Whenever a picture appears in the records, exclude it, and transcribe everything else exactly.

****************************************

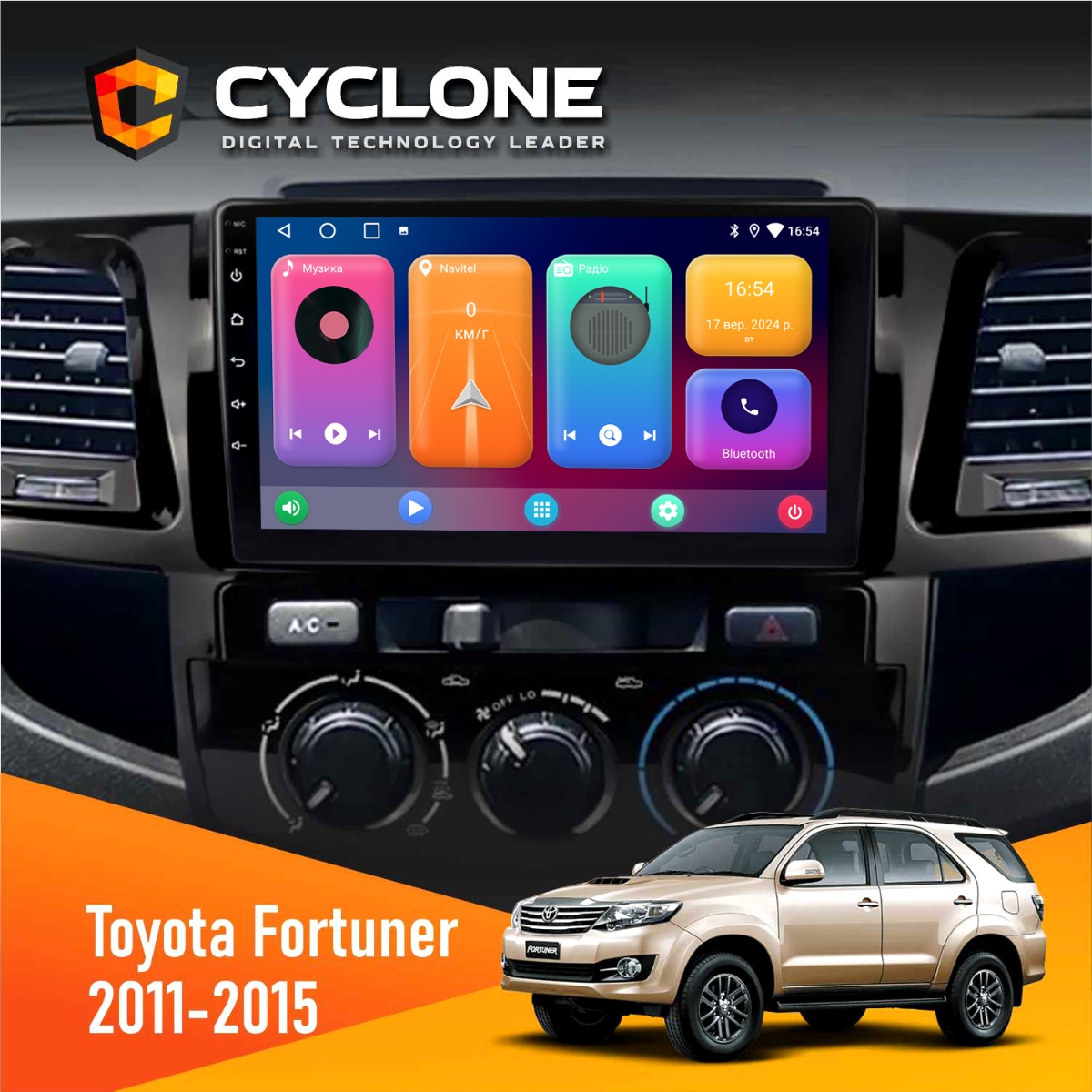 Штатна магнітола Toyota Hilux 2011-2015 Cyclone C9 CPL 2x32 Магнітола Toyota Hilux 2011 2015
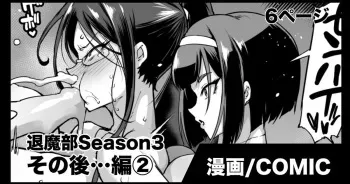 [Fan no Hitori] Taimabu S3 Sonogo... Hen 2 [korean] manga cover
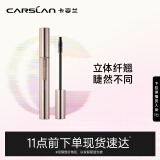 卡姿兰（Carslan）多效睫毛膏(防水不晕染浓密卷翘睫毛打底)(升级版)#01黑色6g 凑单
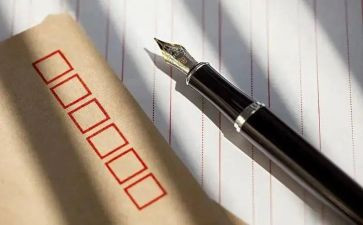 信息工信息工作总结模板5篇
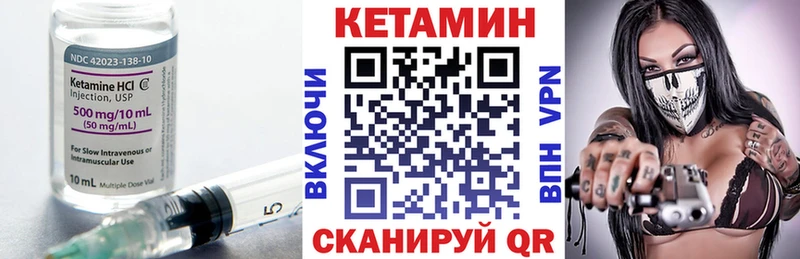 площадка формула  Лянтор  КЕТАМИН ketamine  как найти закладки 
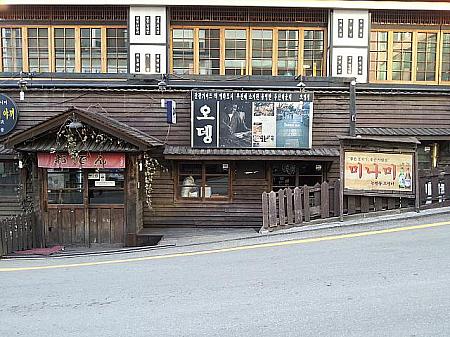 ＜みなみ（江南店）＞<BR> あのウォンビンのお姉さんが経営している話題になったお店もまだ健在！釜山で有名な日本式オデン屋さん。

****************************************

SOLVED EXERCISE
 Штатна магнітола Toyota Hilux 2011-2015 Cyclone C9 CPL 2x32 Магнітола Toyota Hilux 2011 2015
 [Fan no Hitori] Taimabu S3 Sonogo... Hen 2 [korean] manga cover
 卡姿兰（Carslan）多效睫毛膏(防水不晕染浓密卷翘睫毛打底)(升级版)#01黑色6g 凑单
 信息工信息工作总结模板5篇
 площадка формула  Лянтор  КЕТАМИН ketamine  как найти закладки 
 ＜みなみ（江南店）＞<BR> あのウォンビンのお姉さんが経営している話題になったお店もまだ健在！釜山で有名な日本式オデン屋さん。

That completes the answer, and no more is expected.